Problem to work on:
Look below for the lines from the one with "Mechanic Definition Hoodie Coffee Mug" to the one with "Clearance Pamono Vintage", and copy exactly those lines, both ends included.

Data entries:
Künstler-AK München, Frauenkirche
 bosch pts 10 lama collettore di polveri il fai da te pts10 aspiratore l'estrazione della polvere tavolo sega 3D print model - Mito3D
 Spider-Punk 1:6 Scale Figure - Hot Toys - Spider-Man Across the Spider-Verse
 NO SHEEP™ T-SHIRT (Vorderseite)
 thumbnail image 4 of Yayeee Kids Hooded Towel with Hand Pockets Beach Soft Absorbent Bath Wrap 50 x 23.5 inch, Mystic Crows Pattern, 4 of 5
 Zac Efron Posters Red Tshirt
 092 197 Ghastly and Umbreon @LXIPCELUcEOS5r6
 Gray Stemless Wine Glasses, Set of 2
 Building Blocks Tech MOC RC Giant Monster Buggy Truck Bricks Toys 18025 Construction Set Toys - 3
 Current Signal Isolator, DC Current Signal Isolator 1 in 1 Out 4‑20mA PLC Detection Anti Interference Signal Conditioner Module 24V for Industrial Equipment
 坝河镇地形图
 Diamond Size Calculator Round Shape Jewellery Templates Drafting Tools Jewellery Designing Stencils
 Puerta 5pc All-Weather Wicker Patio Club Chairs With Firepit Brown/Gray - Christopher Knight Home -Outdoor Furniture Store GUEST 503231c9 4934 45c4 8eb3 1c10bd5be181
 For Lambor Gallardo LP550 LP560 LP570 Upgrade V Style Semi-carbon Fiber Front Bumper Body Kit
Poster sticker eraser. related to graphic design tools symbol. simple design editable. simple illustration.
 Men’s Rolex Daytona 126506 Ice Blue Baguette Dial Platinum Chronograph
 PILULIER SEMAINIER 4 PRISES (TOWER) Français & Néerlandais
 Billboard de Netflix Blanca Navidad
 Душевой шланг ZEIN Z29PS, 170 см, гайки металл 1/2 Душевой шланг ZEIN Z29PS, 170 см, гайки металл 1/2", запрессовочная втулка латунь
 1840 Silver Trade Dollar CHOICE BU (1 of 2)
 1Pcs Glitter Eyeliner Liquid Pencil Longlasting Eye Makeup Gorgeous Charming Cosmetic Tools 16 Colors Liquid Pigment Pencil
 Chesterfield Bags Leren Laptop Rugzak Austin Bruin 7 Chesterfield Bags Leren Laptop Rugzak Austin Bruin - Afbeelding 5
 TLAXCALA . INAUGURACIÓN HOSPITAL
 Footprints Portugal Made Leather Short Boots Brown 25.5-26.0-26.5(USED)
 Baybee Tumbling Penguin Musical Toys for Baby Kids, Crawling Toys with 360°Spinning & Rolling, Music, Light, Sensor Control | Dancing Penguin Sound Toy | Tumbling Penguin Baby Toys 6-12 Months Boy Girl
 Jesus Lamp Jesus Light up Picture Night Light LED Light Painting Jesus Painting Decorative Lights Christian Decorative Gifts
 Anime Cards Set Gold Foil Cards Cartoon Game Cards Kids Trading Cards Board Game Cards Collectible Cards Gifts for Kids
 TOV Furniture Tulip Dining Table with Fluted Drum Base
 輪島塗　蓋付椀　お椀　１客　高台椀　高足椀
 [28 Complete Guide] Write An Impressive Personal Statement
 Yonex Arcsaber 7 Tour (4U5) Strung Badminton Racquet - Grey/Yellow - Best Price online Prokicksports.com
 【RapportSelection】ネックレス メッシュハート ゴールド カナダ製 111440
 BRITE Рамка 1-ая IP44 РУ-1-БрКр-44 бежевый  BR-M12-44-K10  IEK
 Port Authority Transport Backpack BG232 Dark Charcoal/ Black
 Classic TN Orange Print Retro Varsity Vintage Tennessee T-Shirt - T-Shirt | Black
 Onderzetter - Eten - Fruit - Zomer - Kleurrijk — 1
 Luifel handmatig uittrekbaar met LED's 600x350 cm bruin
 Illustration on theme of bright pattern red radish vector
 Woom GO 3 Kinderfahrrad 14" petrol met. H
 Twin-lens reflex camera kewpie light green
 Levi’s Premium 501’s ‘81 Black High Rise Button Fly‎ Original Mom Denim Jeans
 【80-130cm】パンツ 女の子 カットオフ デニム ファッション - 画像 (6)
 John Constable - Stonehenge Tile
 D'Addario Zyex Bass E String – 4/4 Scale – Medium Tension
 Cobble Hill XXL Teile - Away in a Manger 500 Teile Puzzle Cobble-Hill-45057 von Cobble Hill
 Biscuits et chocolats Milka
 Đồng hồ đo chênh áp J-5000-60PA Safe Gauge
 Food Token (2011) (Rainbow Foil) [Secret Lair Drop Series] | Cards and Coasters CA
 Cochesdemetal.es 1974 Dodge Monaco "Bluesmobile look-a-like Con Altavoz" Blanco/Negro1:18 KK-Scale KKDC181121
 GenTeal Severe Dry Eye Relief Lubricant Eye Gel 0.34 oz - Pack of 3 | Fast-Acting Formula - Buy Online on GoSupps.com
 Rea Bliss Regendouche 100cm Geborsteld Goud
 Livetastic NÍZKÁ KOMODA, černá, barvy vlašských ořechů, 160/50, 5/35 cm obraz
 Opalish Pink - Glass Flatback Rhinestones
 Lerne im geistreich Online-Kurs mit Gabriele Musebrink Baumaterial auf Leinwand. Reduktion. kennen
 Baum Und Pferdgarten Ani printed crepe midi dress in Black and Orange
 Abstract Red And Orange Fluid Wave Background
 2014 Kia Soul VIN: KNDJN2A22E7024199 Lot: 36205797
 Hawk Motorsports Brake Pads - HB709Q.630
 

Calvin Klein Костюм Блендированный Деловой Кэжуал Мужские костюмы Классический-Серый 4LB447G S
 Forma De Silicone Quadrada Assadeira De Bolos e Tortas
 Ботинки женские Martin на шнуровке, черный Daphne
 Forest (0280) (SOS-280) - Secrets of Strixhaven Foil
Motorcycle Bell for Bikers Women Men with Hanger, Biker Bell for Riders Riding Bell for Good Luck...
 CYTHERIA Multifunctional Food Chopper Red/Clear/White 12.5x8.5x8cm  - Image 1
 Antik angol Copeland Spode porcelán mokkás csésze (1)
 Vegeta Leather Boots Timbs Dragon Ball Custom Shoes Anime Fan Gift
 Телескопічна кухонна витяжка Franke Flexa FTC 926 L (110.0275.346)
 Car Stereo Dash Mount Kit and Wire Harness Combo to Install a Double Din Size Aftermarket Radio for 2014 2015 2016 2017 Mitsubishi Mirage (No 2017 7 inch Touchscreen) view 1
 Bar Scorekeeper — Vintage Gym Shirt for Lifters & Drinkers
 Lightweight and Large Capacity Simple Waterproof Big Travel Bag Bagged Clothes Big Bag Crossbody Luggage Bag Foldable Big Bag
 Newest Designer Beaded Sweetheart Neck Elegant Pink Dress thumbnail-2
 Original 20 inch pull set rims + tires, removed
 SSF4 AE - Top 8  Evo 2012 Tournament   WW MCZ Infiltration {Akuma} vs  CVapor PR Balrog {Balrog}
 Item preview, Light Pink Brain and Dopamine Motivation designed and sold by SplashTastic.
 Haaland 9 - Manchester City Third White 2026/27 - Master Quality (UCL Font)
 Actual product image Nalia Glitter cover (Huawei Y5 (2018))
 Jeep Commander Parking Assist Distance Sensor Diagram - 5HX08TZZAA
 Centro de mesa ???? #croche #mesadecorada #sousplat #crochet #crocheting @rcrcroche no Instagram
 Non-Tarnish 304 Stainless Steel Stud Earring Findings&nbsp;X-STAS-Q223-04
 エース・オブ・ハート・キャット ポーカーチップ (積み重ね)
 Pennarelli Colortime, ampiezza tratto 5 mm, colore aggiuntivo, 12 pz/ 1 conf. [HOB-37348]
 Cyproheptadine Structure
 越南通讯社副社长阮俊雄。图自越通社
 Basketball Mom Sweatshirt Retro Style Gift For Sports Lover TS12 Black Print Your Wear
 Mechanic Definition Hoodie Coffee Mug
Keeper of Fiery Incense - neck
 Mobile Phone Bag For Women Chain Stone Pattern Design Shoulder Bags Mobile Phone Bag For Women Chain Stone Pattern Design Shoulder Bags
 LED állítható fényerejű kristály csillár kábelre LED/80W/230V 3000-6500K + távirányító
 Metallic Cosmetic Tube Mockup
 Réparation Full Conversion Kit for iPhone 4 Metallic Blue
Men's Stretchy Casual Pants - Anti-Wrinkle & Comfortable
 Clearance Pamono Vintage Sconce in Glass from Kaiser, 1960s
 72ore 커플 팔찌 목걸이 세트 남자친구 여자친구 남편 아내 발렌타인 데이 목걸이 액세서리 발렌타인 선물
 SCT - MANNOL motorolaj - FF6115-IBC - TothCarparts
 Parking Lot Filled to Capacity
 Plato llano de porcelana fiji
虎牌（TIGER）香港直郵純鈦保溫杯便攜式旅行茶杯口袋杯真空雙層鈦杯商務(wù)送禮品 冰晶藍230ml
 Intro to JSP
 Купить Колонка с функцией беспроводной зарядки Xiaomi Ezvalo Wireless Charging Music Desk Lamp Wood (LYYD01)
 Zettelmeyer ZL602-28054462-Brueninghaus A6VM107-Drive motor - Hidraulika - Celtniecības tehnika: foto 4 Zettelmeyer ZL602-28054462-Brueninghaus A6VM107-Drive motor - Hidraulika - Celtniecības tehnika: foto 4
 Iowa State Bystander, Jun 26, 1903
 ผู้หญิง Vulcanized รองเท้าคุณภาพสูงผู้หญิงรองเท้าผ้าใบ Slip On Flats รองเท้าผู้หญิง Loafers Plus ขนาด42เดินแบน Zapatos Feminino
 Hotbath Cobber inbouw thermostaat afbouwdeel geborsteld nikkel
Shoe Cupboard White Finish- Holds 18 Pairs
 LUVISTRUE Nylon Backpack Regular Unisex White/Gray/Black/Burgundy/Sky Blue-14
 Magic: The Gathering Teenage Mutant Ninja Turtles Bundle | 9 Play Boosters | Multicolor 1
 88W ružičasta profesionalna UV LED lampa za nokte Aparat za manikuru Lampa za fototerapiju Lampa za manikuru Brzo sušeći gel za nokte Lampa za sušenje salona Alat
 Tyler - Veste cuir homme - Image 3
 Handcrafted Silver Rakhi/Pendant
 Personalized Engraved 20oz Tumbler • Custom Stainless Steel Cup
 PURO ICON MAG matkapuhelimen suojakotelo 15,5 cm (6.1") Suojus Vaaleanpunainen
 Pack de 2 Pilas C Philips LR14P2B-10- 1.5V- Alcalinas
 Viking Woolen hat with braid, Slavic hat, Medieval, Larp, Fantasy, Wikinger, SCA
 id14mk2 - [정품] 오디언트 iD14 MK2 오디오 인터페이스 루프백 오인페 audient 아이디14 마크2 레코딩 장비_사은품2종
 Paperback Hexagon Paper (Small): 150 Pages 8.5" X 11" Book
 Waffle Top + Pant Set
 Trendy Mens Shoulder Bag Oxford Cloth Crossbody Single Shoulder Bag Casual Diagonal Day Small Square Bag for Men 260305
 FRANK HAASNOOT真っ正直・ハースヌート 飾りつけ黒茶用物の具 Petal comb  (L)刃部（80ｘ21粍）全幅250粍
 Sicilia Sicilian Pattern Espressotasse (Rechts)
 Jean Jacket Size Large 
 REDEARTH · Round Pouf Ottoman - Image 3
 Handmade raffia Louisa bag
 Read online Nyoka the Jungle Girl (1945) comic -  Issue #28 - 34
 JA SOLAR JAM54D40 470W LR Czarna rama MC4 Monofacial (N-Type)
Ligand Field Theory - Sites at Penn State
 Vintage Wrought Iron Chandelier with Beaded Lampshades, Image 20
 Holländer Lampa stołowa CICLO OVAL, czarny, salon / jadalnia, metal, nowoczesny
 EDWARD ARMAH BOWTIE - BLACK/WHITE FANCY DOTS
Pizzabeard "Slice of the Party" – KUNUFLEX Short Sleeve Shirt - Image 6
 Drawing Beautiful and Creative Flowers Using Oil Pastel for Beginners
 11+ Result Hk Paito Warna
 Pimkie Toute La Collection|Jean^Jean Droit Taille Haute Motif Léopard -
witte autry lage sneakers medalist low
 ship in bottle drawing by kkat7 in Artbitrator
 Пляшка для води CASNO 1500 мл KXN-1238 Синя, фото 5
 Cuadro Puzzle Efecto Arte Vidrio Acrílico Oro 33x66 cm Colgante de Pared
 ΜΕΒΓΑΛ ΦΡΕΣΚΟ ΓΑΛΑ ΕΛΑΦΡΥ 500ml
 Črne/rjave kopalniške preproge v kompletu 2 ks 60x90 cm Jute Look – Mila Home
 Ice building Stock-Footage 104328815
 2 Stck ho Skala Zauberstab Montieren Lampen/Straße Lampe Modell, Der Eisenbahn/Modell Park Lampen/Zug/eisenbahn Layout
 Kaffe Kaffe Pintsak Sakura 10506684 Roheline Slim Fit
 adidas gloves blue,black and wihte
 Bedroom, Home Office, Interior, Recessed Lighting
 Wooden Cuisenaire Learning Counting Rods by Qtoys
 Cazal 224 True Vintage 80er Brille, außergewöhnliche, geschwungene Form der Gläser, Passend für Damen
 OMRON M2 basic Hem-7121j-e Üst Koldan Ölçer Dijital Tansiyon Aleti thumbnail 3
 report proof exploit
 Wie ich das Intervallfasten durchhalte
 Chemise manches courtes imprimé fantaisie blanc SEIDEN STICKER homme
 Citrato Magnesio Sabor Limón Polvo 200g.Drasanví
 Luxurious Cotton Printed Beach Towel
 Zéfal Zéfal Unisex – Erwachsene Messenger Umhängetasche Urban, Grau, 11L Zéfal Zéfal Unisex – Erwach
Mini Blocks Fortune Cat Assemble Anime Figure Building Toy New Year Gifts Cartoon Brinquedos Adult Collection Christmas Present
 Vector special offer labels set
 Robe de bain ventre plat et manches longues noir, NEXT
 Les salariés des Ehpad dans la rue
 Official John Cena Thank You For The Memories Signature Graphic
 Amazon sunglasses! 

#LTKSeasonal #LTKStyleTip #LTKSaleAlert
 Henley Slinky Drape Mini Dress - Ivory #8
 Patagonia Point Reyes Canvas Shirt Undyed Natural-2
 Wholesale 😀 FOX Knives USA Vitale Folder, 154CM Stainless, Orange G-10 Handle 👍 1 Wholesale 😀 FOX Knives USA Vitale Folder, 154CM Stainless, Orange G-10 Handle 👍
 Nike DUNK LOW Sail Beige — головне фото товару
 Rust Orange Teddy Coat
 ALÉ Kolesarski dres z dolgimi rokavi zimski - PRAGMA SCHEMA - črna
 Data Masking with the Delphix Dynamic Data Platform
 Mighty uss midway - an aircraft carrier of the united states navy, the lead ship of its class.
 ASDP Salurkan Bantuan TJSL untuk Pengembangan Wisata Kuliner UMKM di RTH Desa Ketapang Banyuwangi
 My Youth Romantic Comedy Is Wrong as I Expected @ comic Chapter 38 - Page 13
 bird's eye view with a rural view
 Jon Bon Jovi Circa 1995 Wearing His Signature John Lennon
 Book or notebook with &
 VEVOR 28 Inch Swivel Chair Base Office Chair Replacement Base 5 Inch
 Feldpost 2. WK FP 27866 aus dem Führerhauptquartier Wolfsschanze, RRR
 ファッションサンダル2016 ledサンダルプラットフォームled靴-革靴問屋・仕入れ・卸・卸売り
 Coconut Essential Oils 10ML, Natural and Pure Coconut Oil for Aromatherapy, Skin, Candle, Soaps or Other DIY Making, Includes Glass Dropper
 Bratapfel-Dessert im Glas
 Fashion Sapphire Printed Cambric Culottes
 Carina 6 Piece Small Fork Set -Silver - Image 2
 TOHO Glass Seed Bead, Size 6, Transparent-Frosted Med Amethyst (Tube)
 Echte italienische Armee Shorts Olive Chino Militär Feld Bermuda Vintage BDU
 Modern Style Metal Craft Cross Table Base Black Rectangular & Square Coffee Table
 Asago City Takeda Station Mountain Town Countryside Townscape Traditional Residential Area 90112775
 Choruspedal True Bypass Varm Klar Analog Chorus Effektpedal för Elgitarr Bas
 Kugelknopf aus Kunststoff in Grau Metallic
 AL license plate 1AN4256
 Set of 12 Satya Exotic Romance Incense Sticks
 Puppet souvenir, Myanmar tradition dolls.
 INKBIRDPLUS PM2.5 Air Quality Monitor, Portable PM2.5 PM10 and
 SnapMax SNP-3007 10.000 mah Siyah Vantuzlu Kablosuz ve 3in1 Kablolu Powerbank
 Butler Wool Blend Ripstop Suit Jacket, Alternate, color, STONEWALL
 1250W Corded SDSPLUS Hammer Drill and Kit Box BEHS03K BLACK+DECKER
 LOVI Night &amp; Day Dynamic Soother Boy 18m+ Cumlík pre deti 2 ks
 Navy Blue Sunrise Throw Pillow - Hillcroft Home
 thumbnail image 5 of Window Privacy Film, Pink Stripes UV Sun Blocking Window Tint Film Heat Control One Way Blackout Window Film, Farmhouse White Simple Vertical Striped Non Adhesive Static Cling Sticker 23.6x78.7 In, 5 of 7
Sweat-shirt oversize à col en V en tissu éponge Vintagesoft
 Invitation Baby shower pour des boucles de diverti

Solution for this task:
 Mechanic Definition Hoodie Coffee Mug
Keeper of Fiery Incense - neck
 Mobile Phone Bag For Women Chain Stone Pattern Design Shoulder Bags Mobile Phone Bag For Women Chain Stone Pattern Design Shoulder Bags
 LED állítható fényerejű kristály csillár kábelre LED/80W/230V 3000-6500K + távirányító
 Metallic Cosmetic Tube Mockup
 Réparation Full Conversion Kit for iPhone 4 Metallic Blue
Men's Stretchy Casual Pants - Anti-Wrinkle & Comfortable
 Clearance Pamono Vintage Sconce in Glass from Kaiser, 1960s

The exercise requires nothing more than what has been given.